Simulation note: The following simulation in R statistical software illustrates (2) with $\mu = 100, \sigma = 15,$ and $Q = (n-1)S^2/\sigma^2 = \sum_{i=1}^{10}\frac{(X_i - \bar X)^2}{\sigma^2}.$ The histogram of $Q$'s from a million samples of size $n=10$ is well matched by the density of $\mathsf{Chisq}(9)$ (solid purple curve), but not by the density of $\mathsf{Chisq}(10)$ (dotted brown curve).
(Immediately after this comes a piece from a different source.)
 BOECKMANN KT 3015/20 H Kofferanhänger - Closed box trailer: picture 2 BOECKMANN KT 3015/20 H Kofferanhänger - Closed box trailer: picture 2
set.seed(422);  m = 10^5;  n = 10;  mu = 100;  sg = 15
v = replicate(m, var(rnorm(n, mu, sg)))

q = (n-1)*v/sg^2;  mean(q);  sd(q)
## 9.009462  # aprx E(Q) = 9
## 4.252015  # aprx SD(Q) = sqrt(18) = 4.2426

mean(q < 18.31);  pchisq(18.31, 9)
## 0.96788    # aprx P(Q < 18.31)
## 0.9682574  # exact P(Q < 18.31)

mh = "Simulated Values of Q with CHISQ(9) Density"
hist(q, prob=T, br=20, col="skyblue2", main = mh)
curve(dchisq(x, 9), add=T, lwd=2, col="purple")
curve(dchisq(x, 10), add=T, lwd=2, col="brown", lty="dotted")
abline(v = 18.31, lwd=2, col="red", lty="dashed")

enter image description here